Christopher Walken (bad wig in one flashback notwithstanding still in his brief 80s nice-guy leading man mode) and Louise Fletcher are the scientists who invent a device that allows users to share sensory experiences and even emotions only to find themselves locked out of their own project when it turns out their industrialist boss Cliff Robertson is really funded by the military, who have their own ideas for its applications. The first half has dated badly, partially because the supposedly revolutionary `demo tape' is largely unimpressive - rollercoasters, race cars, waterslides, helicopters, all shot through a fisheye lens - though it is prescient that the first thing people think of with a revolutionary new form of communication is the porn applications. But things pick up dramatically when someone records their own death on the machine and Walken naturally (well, for him anyway) decides to break in to the system to play the snuff tape, purely in the interests of science of course...

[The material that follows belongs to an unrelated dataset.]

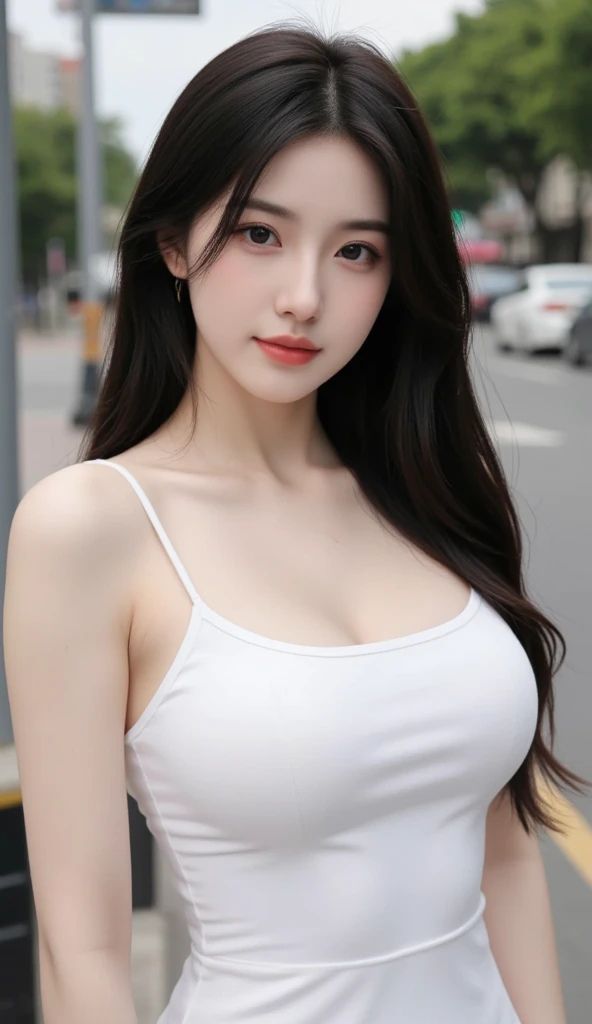 1girl, masterpiece, (extremely intricate:1.2), woman, ultra detailed, finely detailed face, extremely detailed face, pale skin, black_hair, sexy, curvy hair, black medium hair, large breast, high quality, best quality, realistic, ultra realistic, photorealistic, beautiful delicate eyes, highest quality, highres, Raw Photo, 8k, detailed eyes, highest resolution, (exquisitely detailed skin), light smile, curvy, calm lighting, perfectly drawn eyes, sexy pose, ((deep dark, night, dark theme:1.1)), depth of field,(((in a park, standing, sexy tshirt, large breasts, cleavage))), realistic breasts, lusty smile,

It's another of Bruce Joel Rubin's Death: The Final Frontier stories (Ghost, Jacob's Ladder, My Life) and as usual, death's ultimately not a bad thing here even if that does translate on film as a lightshow straight out of Fantasia. Unfortunately, a real fatality proved to be a very real bad thing for the film when Natalie Wood's death shortly before finishing her scenes gave embattled MGM head and convicted embezzler David Begelman the idea of scrapping the film and collecting the insurance - with the no doubt added bonus of scuttling the comeback of Cliff Robertson, the man who exposed his embezzling, in the process - until the insurers refused to pay out for anything more than reshoots. Emerging nearly two years later to pretty disastrous business, it all but killed off Trumbull's career in the process. The film certainly doesn't ever look unfinished (Wood had no important scenes left to film and her role as Walken's initially estranged wife only really impacts on the plot in the last third) and, despite some sporadically terrible dialogue or the odd cringe-inducing moment like Wood's "cute" song, there's a lot that does work, from Fletcher's strong supporting turn to a fine score from James Horner before he took the easy way out of plagiarism, while many of the special effects are genuinely impressive. It never gets close to the emotional power of Trumbull's earlier Silent Running, but it's still just entertaining enough to pass muster.
The only extra is the original theatrical trailer.